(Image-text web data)
-=-=-
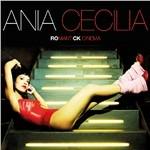 Romantick Cinema - CD Audio di Ania Cecilia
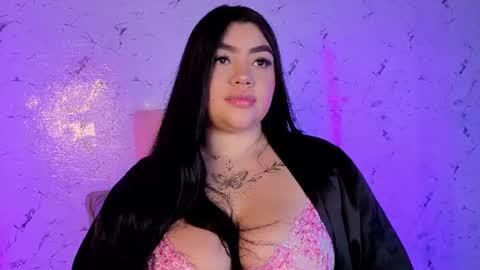 Ashlyn online show from 07-25-26, 10:51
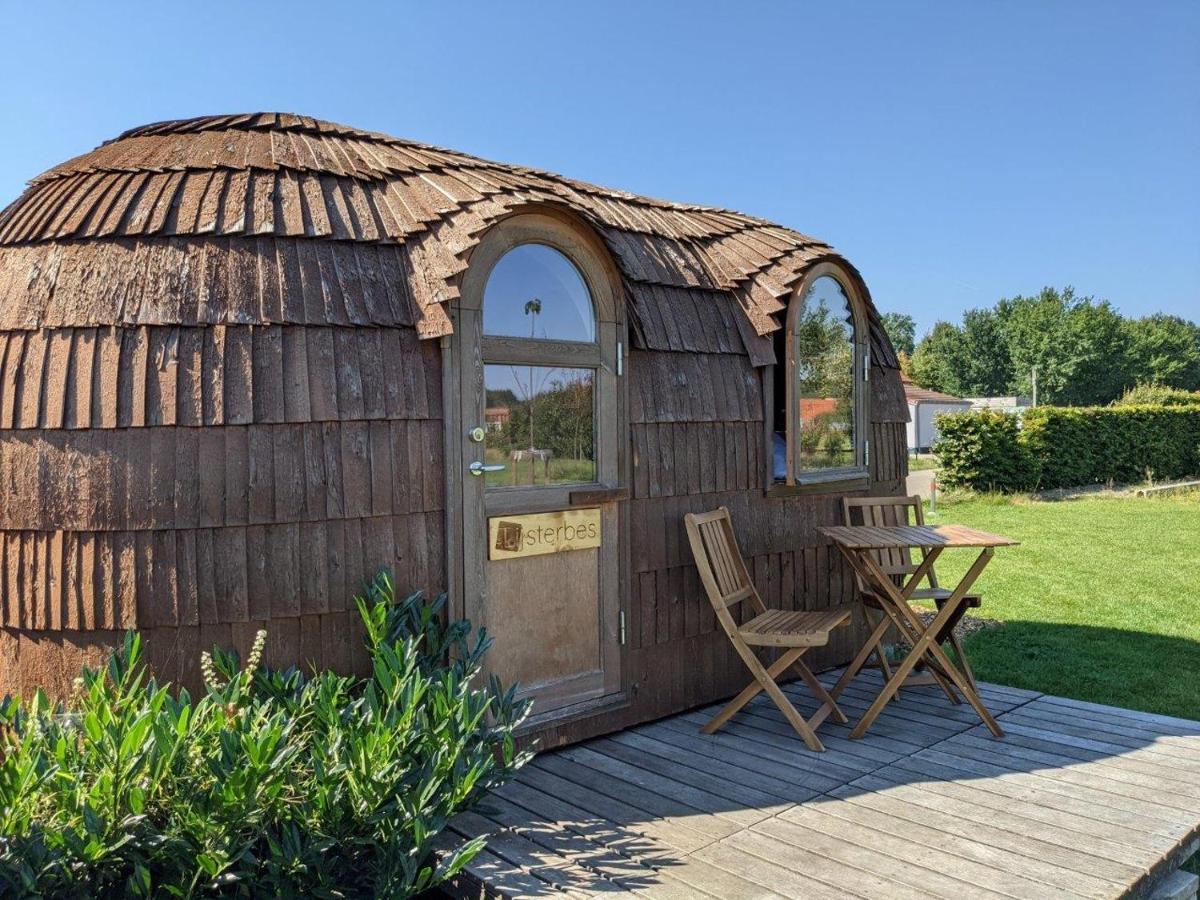 Camping Houtum Кастерли Екстериор снимка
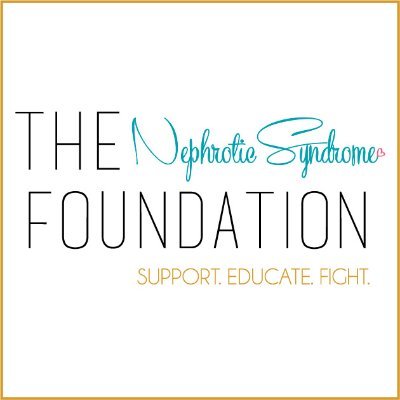 The Nephrotic Syndrome Foundation is a non-profit organization dedicated to supporting children diagnosed with Nephrotic Syndrome and their families. Join us!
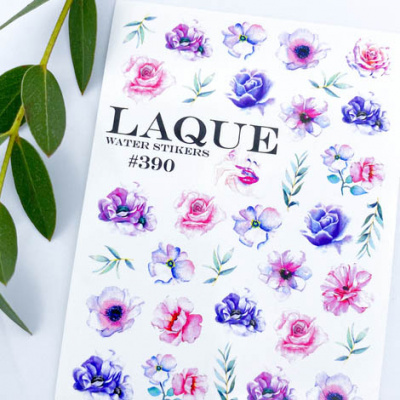 laque #390 | для-ногтей.рф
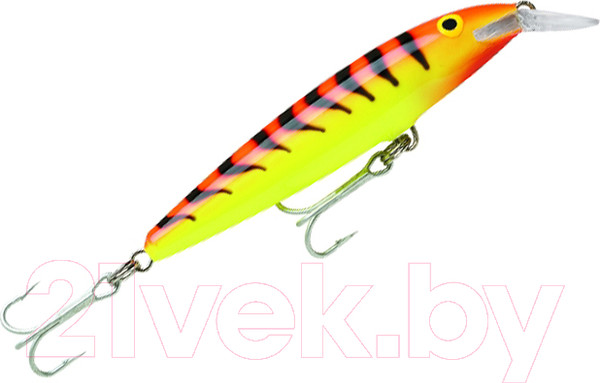 Изображение товара Воблер Rapala Floating Magnum / FMAG11-HT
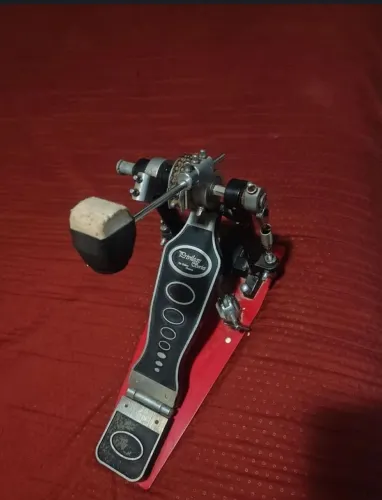 Pedal de Bateria Odery Privilegie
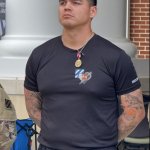 SSG Robert Pacheco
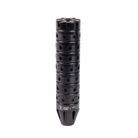 Mini Streamer modérateur .22 LR noir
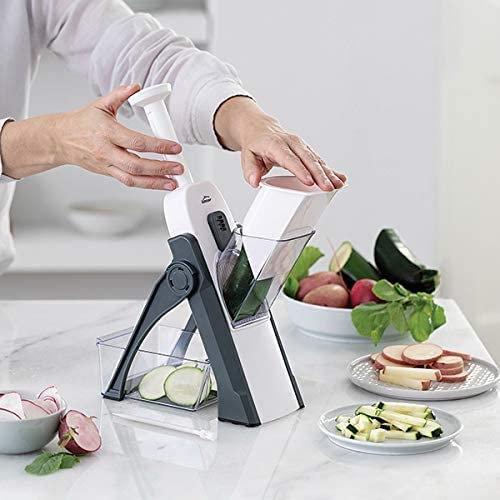 Multi Vegetable Cutter KitchenQuick 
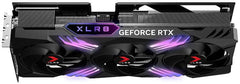 PNY Graphics Card RTX 4070 Ti SUPER 16GB Verto OC Triple Fan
-=-=-
ASSIGNMENT - Restate the lines of the records exactly, starting at the first and stopping after the line with "laque #390 | для-ногтей.рф". Leave out any picture.

TASK ANSWER -
 Romantick Cinema - CD Audio di Ania Cecilia
 Ashlyn online show from 07-25-26, 10:51
 Camping Houtum Кастерли Екстериор снимка
 The Nephrotic Syndrome Foundation is a non-profit organization dedicated to supporting children diagnosed with Nephrotic Syndrome and their families. Join us!
 laque #390 | для-ногтей.рф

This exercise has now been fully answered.